Jer 38, 4-6.8-10 | Hbr 12, 1-4 | Lc 12, 49-53
En la liturgia de este domingo encontramos la palabra “fuego”, una palabra que oímos muchos días por incendios trágicos y que lamentamos de corazón. No es este fuego del que habla hoy la liturgia y ciertamente, no porque los cristianos seamos insensibles a la capacidad de destrucción que tiene el fuego. San Lucas pone en boca de Juan el Bautista estas palabras referidas a Jesús: “Viene el que puede más que yo [Jesús]. Él os bautizará con el Espíritu Santo y fuego” (Lc 3,16). Hemos sido, pues, bautizados en (con) fuego. Es negativo que olvidemos esta palabra en nuestro bautismo.

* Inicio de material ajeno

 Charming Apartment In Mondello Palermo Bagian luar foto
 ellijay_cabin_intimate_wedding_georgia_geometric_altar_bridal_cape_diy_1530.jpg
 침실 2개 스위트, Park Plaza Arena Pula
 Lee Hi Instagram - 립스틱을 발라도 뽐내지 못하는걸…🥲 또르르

El evangelio de hoy recuerda estas palabras del mismo Jesús: “He venido a traer un fuego sobre la tierra y ¡cuánto desearía que ya estuviera encendido!”. Los cristianos no somos pirómanos. Sencillamente, vemos que el fuego es un buen símbolo para destruir lo malo y construir y mejorar lo bueno.
Fuego purificador
El fuego purifica. Nos suena más decir: “el fuego destruye”. Por eso tememos al fuego. Sin embargo, el fuego tiene una dimensión purificadora: acaba con lo que nos estorba, con lo viejo, con lo que ya no queremos tener, con el deseche, etc. Nos libera de lo que nos estorba o ya no necesitamos. Y lo viejo no debe entenderse ni solo ni principalmente con realidades materiales (un vestido, por ejemplo). Viejas son también las ideas que carecen de vida, que no tienen futuro, que están acabadas.

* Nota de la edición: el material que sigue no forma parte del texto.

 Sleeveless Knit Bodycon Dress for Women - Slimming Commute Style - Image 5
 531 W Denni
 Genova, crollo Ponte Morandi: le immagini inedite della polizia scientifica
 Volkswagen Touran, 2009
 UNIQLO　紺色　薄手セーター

Jesús se encontró con un tipo de vida que teniendo muchas cosas excelentes, tenía también ideas, costumbres, “mandamientos”, etc. que impedían una vida mejor.
Fuego constructor
La destrucción de las cosas no es un fin en sí mismo. La destrucción es un parte necesaria, quizá la primera (¡que no quiere decir necesariamente la principal!). Pero no se queda ahí. La destrucción de algo negativo (material o espiritual) es también ocasión e invitación a levantar un edificio mejor, un proyecto actualizado y mejor, un cambio, un paso de lo anticuado a lo actualizado gracias a los adelantos que traen siempre los tiempos.
Ser fuego
Necesitamos ser fuego que destruya y construya. Jesús ansiaba ese fuego: “¡cuánto desearía que ya estuviera encendido!”. En todo tiempo surgen personas dispuestas a prender fuego a lo imperfecto, a lo negativo, etc. La figura del profeta Jeremías, de la primera lectura, es un ejemplo fuerte. Dios le había llamado a ser profeta (a hablar en su nombre). Jeremías conocía la vida de los profetas: todos tenían una vida difícil y terminaban mal. Terminaban como terminaría Jesús, el gran profeta: con desprecio y muerte. Y se echaban atrás. Pero Dios tenía un proyecto claro: “He puesto mis palabras en tu boca. Mira hoy mismo te doy poder sobre naciones y reinos, para arrancar y arrasar, la destruir y demoler, para construir y plantar” (Jer 1,10). Podría haber dicho: para ser fuego sobre la tierra. Es lo mismo.
Sin miedo
Los profetas tenían miedo (como lo tuvo Jesús). Sabían a lo que se exponían. Y por eso tendían a echarse para atrás… Y le decían a Dios: “si soy un niño, si soy tartamudo, etc. ¿cómo voy a hablar…?”. Eran escapatorias. Y Dios les cortaba: “No les tengas miedo… No digas que eres un niño. Irás a todos los sitios a los que yo te envíe”. Dios nos valora. Valemos más de lo que creemos. Pero… “no queremos jaleos. Preferimos estar tranquilos y que nadie nos moleste”. En realidad… somos fuego “apagado”. Y es preciso avivarlo.
Para la semana: Hemos sido bautizados con “fuego”. ¿Tenemos activo ese fuego que lucha contra el mal y edifica una vida evangélica? ¿O dejamos que las “ruinas” sigan en nuestra vida personal, familiar, parroquial, comunitaria y cada vez sean más ceniza?